Recorded information.
= = = =

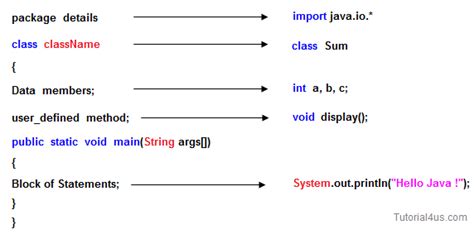 Structure Of Java Program Java Tutorial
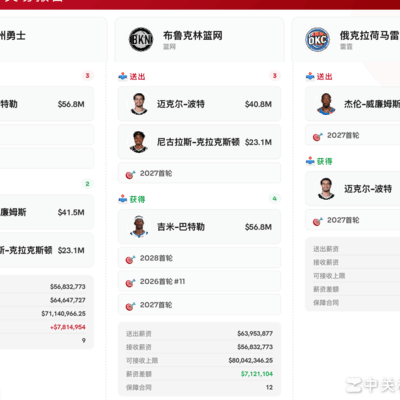 勇士交易引热议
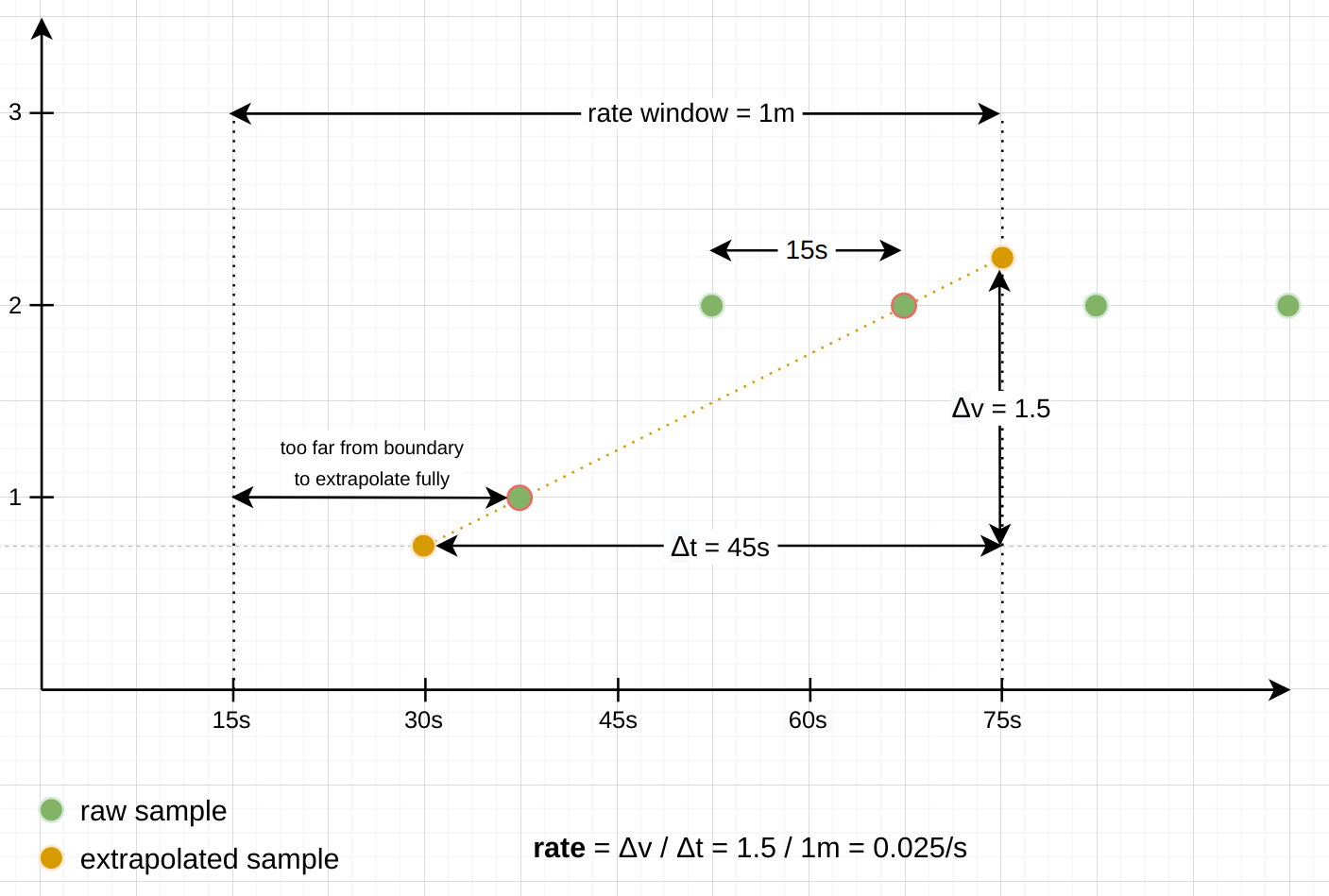 Partial rate extrapolation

= = = =

Your task. Provide the listing above once more, exactly, with the pictures removed.

Reply to the task.
 Structure Of Java Program Java Tutorial
 勇士交易引热议
 Partial rate extrapolation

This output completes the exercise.